Search Weight Loss Topics:

Chris Weidner: The outrageous simplicity of Alex Honnold, the world’s boldest climber – Boulder Daily Camera

Posted: June 14, 2017 at 6:48 am

Chris Weidner Wicked Gravity

Alex Honnold and I shared a table at the Trident Cafe on Pearl Street. I ordered a double espresso. He had water.

"Soloing goes with being a total loser," he told me at the time, back in 2007. "I have no social skills. You show up at a crag with no friends and you do your thing."

Free-soloing climbing alone, no ropes, no gear made sense to Alex from the beginning. He was 19 when his father (and sole belayer) died from a heart attack. "All of a sudden I had the opportunity," he said.

"Do you think you'll free-solo El Cap?" I asked (I recorded our conversation for a climbing magazine profile).

"No," he replied. But then a smile betrayed him, and his eyes grew wide. "I mean, I think I'd love to someday because like, how rad would that be?" He sounded giddy. "I mean, that would be so cool! You could probably climb it in four hours."

A decade later, on June 3, he did exactly that. Well ... just about.
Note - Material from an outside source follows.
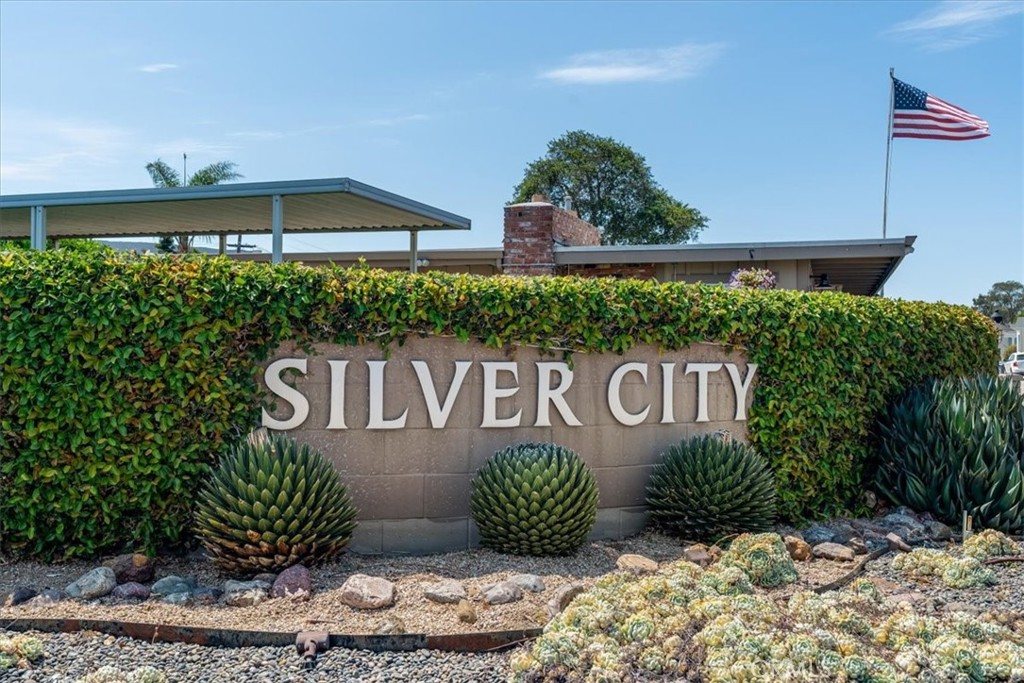 3860 S Higuera, San Luis Obispo, CA 93401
It took precisely three hours and 56 minutes for Alex to free-solo Freerider (5.12d, 3,000 feet) on El Capitan an ascent that has been called not only the greatest achievement in rock climbing, but a mental performance that transcends climbing, sports and even our imagination.

That he predicted his time within four minutes 10 years ago astounds me. It also reminds me that Alex has been fantasizing about and, later, obsessively planning, the world's boldest climb for a long time.

Free-soloing is simple, minimal. It's like an extension of Alex's personality. He shuns caffeine and alcohol. He eats a vegetarian diet. He owns relatively few possessions. He donates a full third of his income to humanitarian and environmental causes.

And he's critical of anyone who doesn't share his uncompromising views. For Alex, it's all or nothing. Just like he climbs.

Filmmaker Jimmy Chin embraces Alex Honnold moments after he safely topped out El Capitan. (Sam Crossley / Courtesy photo)

In mid-November 2016 he left the ground on Freerider, intending to free-solo the entire route. A few hundred feet up, on an insecure move, he hesitated. Five seconds passed they must have felt like minutes then he grabbed a bolt. I'm not into this, he thought, before retreating down fixed lines.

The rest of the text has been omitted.